Quando presidente do Fed regional, de Nova
Iorque, Geithner defendia que os bancos podiam reduzir suas reservas de
segurança e alavancar operações , mesmo sem ter caixa para honrá-las, se
necessário.
Deu-se o que se sabe. E agora se sabe que
quando se deu, Geithner lembrou-se de Armínio – ‘competente e confiável’,
afiançou ao presidente norte-americano, para ajudar a resolver o melê.
Hoje, no Brasil, essa linha de pensamento
nomeia o arrocho fiscal, de consequências sabidas, como a principal alavanca
corretiva para destravar o crescimento da economia.
Trata-se de recuar o Estado para o mercado
agir e a sociedade prosperar. É o que dizem.
Nunca é demais repetir que essa reordenação
vigora há alguns anos em países europeus, sob ajuste da troika.
Neles se colhe taxas de desemprego de 11,5%
a 50% (entre os jovens); as contas públicas se distanciam do equilíbrio; o
crédito mingua, a atividade econômica rasteja e a juventude migra. Mas a
extrema direita floresce: sua bandeira é substituir a desordem resultante por
uma ordem policial atuante.
Em nenhuma outra dimensão da luta política
nesse momento a pauta do país é tão esfericamente blindada e impermeável quanto
na área econômica.
Discute-se como se não existisse a opção de
cortar os juros para a construção de um equilíbrio que poupe o investimento
público em programas sociais e em infraestrutura.
Sim, é verdade, na era das finanças
desreguladas o comando do Estado sobre a taxa de juros é limitado pelo poder de
chantagem dos capitais que respondem à ‘afronta’ com fugas maciças levando a
uma crise nas contas externas.
Mas também é verdade que tudo se passa como
se o recurso do controle de capitais não figurasse no cardápio econômico
mundial, embora seja tolerado até pelo FMI.
A invisibilidade imposta a essas angulações
é parte da encruzilhada brasileira.
Ao afunilar o horizonte do país num
labirinto repetitivo desemboca-se, inapelavelmente, no paredão do arrocho onde
estão escritos os mandamentos seguidos pelos Armínios e assemelhados.

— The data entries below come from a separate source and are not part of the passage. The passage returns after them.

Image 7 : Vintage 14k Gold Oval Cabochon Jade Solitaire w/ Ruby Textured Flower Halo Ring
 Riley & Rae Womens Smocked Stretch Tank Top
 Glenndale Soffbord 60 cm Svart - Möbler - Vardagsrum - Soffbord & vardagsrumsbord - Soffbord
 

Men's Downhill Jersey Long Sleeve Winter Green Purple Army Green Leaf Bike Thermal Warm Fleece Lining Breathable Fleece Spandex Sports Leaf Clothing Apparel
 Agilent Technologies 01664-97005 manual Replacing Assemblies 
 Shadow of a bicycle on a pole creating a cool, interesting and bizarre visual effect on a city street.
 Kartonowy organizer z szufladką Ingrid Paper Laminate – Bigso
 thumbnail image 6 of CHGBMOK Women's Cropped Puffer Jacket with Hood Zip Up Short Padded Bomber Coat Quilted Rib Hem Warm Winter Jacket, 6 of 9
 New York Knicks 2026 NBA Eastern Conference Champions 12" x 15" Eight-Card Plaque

É impossível desmontar essa ciranda sem
afetar os interesses da alta finança. Razão pela qual respeitados economistas
cogitam alguma forma de controle de capitais numa reordenação macroeconômica
para retomada do crescimento.
Se o PT avançará nessa direção num eventual
segundo governo Dilma é incerto. Depende em grande parte da correlação de
forças interna e externa.
Agora, imaginar que um potencial presidente
do Fed americano possa agir contra seus camaradas de fé, em defesa do país,
equivale a aceitar que Lincoln Gordon operou o golpe por amor à democracia.